What I ended up reading, even when I didn’t plan to
The rest of the list looks, at first glance, like a messy bookshelf after a minor earthquake: classics beside thrillers, memoirs beside cosmic sci-fi, Orwell beside Paddington.
But the mess has themes.
1) Power, politics, and the stories leaders tell
Two big memoirs anchored this side of the year: A Promised Land (Barack Obama) and Becoming (Michelle Obama), plus Source Code: My Beginnings (Bill Gates). Different lives, different self-mythologies, but they all circle the same tension: public ambition versus private cost, and how much of a life story is truth versus narrative engineering.

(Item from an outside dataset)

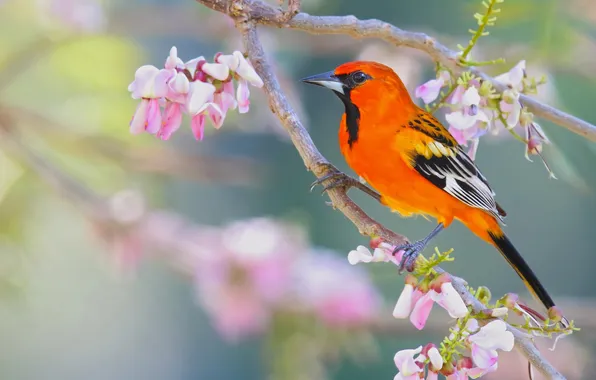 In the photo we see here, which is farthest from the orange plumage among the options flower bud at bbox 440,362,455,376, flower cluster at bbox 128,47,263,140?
flower bud at bbox 440,362,455,376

Orwell’s essays, Shooting an Elephant and A Hanging, hit from a different angle, shorter, sharper, and less interested in polishing the image. They’re basically a masterclass in watching yourself participate in something you know is wrong, and hating yourself just enough to describe it clearly.

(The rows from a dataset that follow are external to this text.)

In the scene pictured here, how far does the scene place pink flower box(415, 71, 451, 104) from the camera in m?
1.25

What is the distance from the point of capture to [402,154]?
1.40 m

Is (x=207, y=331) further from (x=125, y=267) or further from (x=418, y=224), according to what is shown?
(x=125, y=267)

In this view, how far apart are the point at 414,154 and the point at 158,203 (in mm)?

2) The human and the not-quite-human
Sci-fi was doing a lot of emotional labour this year.
- Seveneves (Neal Stephenson) is big-idea catastrophe with the relentless vibe of physics homework.
- The Caves of Steel (Isaac Asimov) is a cleaner, more procedural look at society and prejudice, dressed up as a mystery.

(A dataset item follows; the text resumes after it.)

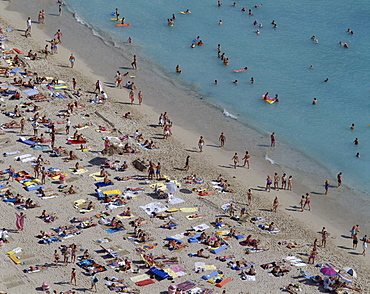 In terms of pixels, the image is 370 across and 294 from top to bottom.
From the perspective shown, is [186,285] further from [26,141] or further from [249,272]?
[26,141]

- The Redemption of Time (Baoshu, translated by Ken Liu) plays in someone else’s universe and still asks surprisingly intimate questions about meaning and agency.
Paired with Klara and the Sun, it made 2025 feel like a year spent asking: if we build minds, what do we owe them, and what do we owe ourselves?
3) Darkness, doubles, and the Gothic itch
I apparently wanted fog, dread, and moral rot. Fine.
- Dracula (Bram Stoker) and The Strange Case of Dr Jekyll and Mr Hyde (Robert Louis Stevenson) are basically the blueprint for modern horror psychology.
- The Picture of Dorian Gray (Oscar Wilde) is vanity as a supernatural operating system.
- Necronomicon (H.P. Lovecraft) is cosmic horror that still feels potent, even when you read it while also remembering the author’s very earthly flaws.
- You Like It Darker (Stephen King) is proof that sometimes a short story is the best delivery method for unease.
This whole cluster has a shared obsession: the thing you are becomes the thing you tried to hide.
4) Crime as comfort food, but with better dialogue
Some people watch cosy TV to unwind. I read fictional murders.
Benjamin Stevenson’s trio, Everyone in My Family Has Killed Someone, Everyone On This Train Is A Suspect, and Everyone this Christmas Has a Secret, gave me that modern meta-mystery charm: brisk, self-aware, and just clever enough to make you forgive the implausibility.
Agatha Christie’s Elephants Can Remember added the classic touch, memory, misdirection, and that warm feeling of being politely manipulated.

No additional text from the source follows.